The season started for Lossiemouth in November with an nineteen length win in the Morgiana Hurdle at Punchestown, making all in a field of four. She then faced stiffer opposition in the December Hurdle, but held off Brighterdaysahead to win by a length and claim her ninth Grade 1 victory. Her next race was the Irish Champion Hurdle, in which she started odds-on favourite but was beaten into second place by Brighterdaysahead. A few days before the Cheltenham Festival, her connections decided to run her in the 2026 Champion Hurdle and not the Mares' Hurdle. Wearing cheekpieces for the first time and starting as 7/5 favourite, Lossiemouth tracked Brighterdaysahead during the race before taking the lead on the home turn and finishing six and a half lengths clear of her old rival, with The New Lion in third place and defending champion Golden Ace in fifth.
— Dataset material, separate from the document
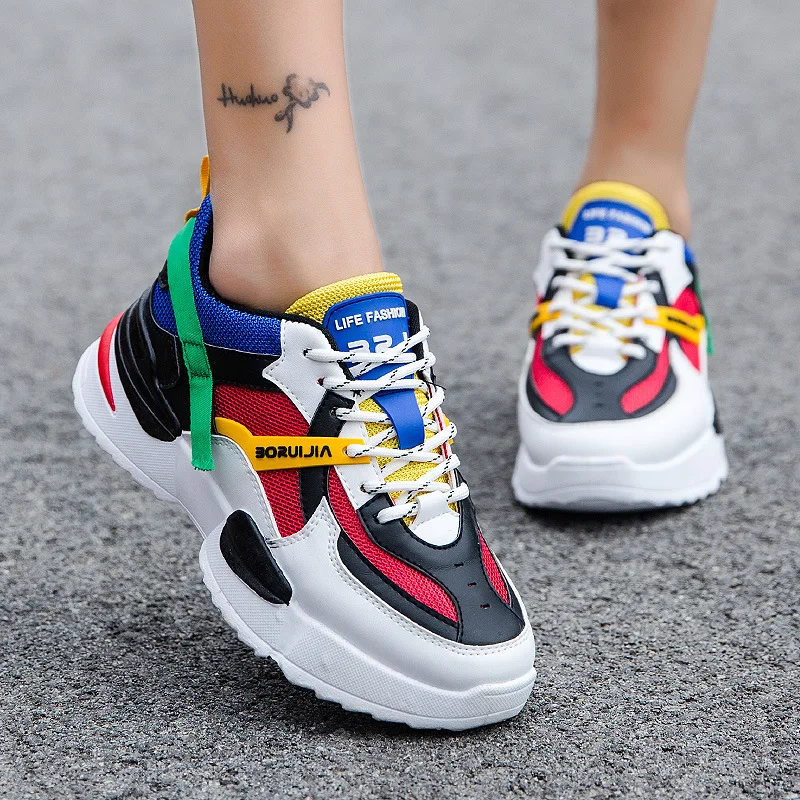

2019 New Shoes Female Sneakers Women Platform Shoes Mixed Colour Sports Casual Vulcanized Shoes Women Footwear Med Heel Flats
It was her fourth consecutive victory at the Cheltenham Festival and her tenth Grade 1 victory. "“To win the Champion Hurdle definitely outranks everything else she's done", said her trainer after the race. After her return to Ireland, Lossiemouth was paraded in the village of Leighlinbridge along with her stablemates, Cheltenham Gold Cup winner Gaelic Warrior and Queen Mother Champion Chase winner Il Etait Temps.

Lossiemouth finished the season with victory in the Punchestown Champion Hurdle, bringing her total of Grade 1 wins to eleven. Starting at odds on favourite, she went clear approaching the last to beat runner-up Golden Ace by five lengths.